How is CBR hybridized with RL and vice versa?

CBR needs RL techniques in the revising phase. Q-learning is used in this paper: “Transfer Learning in Real-Time Strategy Games Using Hybrid CBR/RL -2007″ , and another example is the master “A CBR/RL system for learning micromanagement in real-time strategy games – 2009″

RL needs CBR for function approximation; an example is the paper “CBR for State Value Function Approximation in Reinforcement Learning – 2005″

RL needs CBR for learning continuous action model (also approximation), an example is: “Learning Continuous Action Models in a Real-Time Strategy Environment – 2008″

Heuristically Accelerated RL – One of the Heuristics here is the case-base, an example is “Improving Reinforcement Learning by using Case Based Heuristics – 2009”

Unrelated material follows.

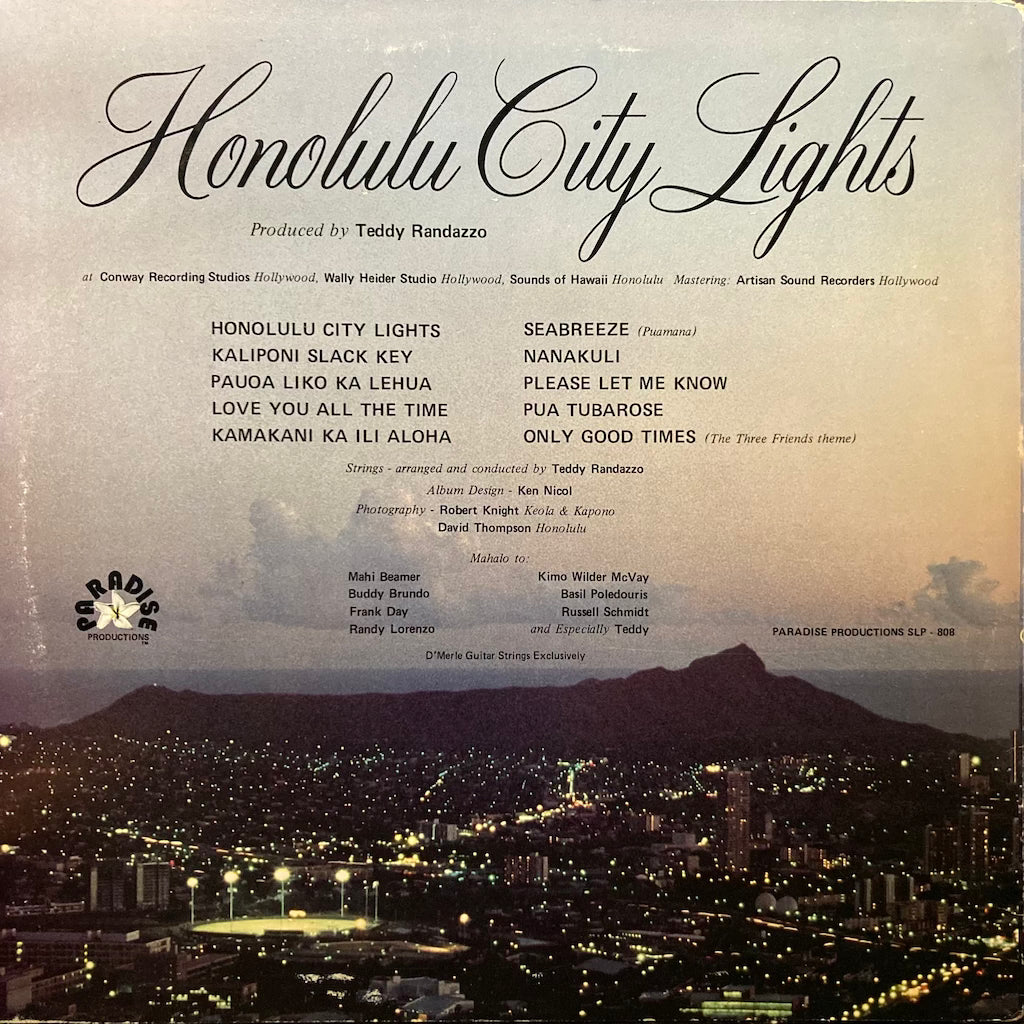 Keola & Kapono Beamer - Honolulu City Lights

Continuous Case Based Reasoning – 1993

Experiments with reinforcement learning in problems with continuous state and action-spaces – 1997

A new heuristic approach for dual control – 1997

So the questions here are …

  • When to use Reinforcement Learning and when to use Case-Based Reasoning?
  • Are there Cases where Applying one of them is completely refused from the technical point of view?
  • If we are dealing with infinite number of state-action pairs, what is the preferred solution? Could both techniques serve well separately?
  • How can we make the best use of Hybrid CBR/RL approach to tackle the problem?

I’ll do my best to answer them in future post(s) .However; I’d be delighted if an expert could answer now.